Work required.
Exactly as written, transcribe each record below.

[Start of Attachment]

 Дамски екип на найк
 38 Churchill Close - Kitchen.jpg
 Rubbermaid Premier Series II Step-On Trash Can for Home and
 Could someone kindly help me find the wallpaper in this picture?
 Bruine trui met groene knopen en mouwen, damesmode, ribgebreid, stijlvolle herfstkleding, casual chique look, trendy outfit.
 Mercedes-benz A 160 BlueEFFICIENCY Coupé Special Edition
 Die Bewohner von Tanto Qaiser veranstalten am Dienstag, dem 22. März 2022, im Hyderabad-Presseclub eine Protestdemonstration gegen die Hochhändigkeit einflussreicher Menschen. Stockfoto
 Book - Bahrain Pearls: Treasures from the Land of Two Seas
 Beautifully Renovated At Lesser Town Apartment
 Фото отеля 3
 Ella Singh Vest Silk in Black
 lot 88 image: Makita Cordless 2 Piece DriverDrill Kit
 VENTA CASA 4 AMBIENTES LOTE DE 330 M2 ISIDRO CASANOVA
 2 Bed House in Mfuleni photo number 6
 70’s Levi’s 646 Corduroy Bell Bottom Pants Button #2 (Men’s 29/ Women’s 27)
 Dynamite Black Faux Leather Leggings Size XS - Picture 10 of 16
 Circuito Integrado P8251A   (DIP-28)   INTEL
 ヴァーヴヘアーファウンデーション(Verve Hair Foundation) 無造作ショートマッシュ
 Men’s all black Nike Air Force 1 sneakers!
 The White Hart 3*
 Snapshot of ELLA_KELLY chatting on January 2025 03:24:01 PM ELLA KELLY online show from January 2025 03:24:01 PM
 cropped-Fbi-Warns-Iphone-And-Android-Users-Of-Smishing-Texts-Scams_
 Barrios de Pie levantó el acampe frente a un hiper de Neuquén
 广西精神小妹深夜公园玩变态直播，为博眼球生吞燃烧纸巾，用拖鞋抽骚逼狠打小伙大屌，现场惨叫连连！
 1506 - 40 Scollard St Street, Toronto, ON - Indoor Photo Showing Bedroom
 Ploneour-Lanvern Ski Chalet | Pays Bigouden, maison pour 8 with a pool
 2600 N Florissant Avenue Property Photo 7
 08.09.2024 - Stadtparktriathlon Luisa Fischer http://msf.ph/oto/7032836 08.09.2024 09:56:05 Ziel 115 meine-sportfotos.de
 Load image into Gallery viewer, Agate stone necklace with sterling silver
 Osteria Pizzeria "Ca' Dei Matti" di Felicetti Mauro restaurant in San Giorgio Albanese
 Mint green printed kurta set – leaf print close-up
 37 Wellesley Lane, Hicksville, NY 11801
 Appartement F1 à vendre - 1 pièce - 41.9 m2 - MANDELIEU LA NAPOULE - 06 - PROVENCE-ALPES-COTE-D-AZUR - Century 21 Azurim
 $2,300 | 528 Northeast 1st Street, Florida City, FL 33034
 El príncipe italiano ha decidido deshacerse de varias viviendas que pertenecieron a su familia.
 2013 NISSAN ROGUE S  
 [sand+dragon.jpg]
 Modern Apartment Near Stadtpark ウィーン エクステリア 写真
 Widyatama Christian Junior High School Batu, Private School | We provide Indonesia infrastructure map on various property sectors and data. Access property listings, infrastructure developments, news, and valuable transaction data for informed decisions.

[End of Attachment]

Exercise result.
 Дамски екип на найк
 38 Churchill Close - Kitchen.jpg
 Rubbermaid Premier Series II Step-On Trash Can for Home and
 Could someone kindly help me find the wallpaper in this picture?
 Bruine trui met groene knopen en mouwen, damesmode, ribgebreid, stijlvolle herfstkleding, casual chique look, trendy outfit.
 Mercedes-benz A 160 BlueEFFICIENCY Coupé Special Edition
 Die Bewohner von Tanto Qaiser veranstalten am Dienstag, dem 22. März 2022, im Hyderabad-Presseclub eine Protestdemonstration gegen die Hochhändigkeit einflussreicher Menschen. Stockfoto
 Book - Bahrain Pearls: Treasures from the Land of Two Seas
 Beautifully Renovated At Lesser Town Apartment
 Фото отеля 3
 Ella Singh Vest Silk in Black
 lot 88 image: Makita Cordless 2 Piece DriverDrill Kit
 VENTA CASA 4 AMBIENTES LOTE DE 330 M2 ISIDRO CASANOVA
 2 Bed House in Mfuleni photo number 6
 70’s Levi’s 646 Corduroy Bell Bottom Pants Button #2 (Men’s 29/ Women’s 27)
 Dynamite Black Faux Leather Leggings Size XS - Picture 10 of 16
 Circuito Integrado P8251A   (DIP-28)   INTEL
 ヴァーヴヘアーファウンデーション(Verve Hair Foundation) 無造作ショートマッシュ
 Men’s all black Nike Air Force 1 sneakers!
 The White Hart 3*
 Snapshot of ELLA_KELLY chatting on January 2025 03:24:01 PM ELLA KELLY online show from January 2025 03:24:01 PM
 cropped-Fbi-Warns-Iphone-And-Android-Users-Of-Smishing-Texts-Scams_
 Barrios de Pie levantó el acampe frente a un hiper de Neuquén
 广西精神小妹深夜公园玩变态直播，为博眼球生吞燃烧纸巾，用拖鞋抽骚逼狠打小伙大屌，现场惨叫连连！
 1506 - 40 Scollard St Street, Toronto, ON - Indoor Photo Showing Bedroom
 Ploneour-Lanvern Ski Chalet | Pays Bigouden, maison pour 8 with a pool
 2600 N Florissant Avenue Property Photo 7
 08.09.2024 - Stadtparktriathlon Luisa Fischer http://msf.ph/oto/7032836 08.09.2024 09:56:05 Ziel 115 meine-sportfotos.de
 Load image into Gallery viewer, Agate stone necklace with sterling silver
 Osteria Pizzeria "Ca' Dei Matti" di Felicetti Mauro restaurant in San Giorgio Albanese
 Mint green printed kurta set – leaf print close-up
 37 Wellesley Lane, Hicksville, NY 11801
 Appartement F1 à vendre - 1 pièce - 41.9 m2 - MANDELIEU LA NAPOULE - 06 - PROVENCE-ALPES-COTE-D-AZUR - Century 21 Azurim
 $2,300 | 528 Northeast 1st Street, Florida City, FL 33034
 El príncipe italiano ha decidido deshacerse de varias viviendas que pertenecieron a su familia.
 2013 NISSAN ROGUE S  
 [sand+dragon.jpg]
 Modern Apartment Near Stadtpark ウィーン エクステリア 写真
 Widyatama Christian Junior High School Batu, Private School | We provide Indonesia infrastructure map on various property sectors and data. Access property listings, infrastructure developments, news, and valuable transaction data for informed decisions.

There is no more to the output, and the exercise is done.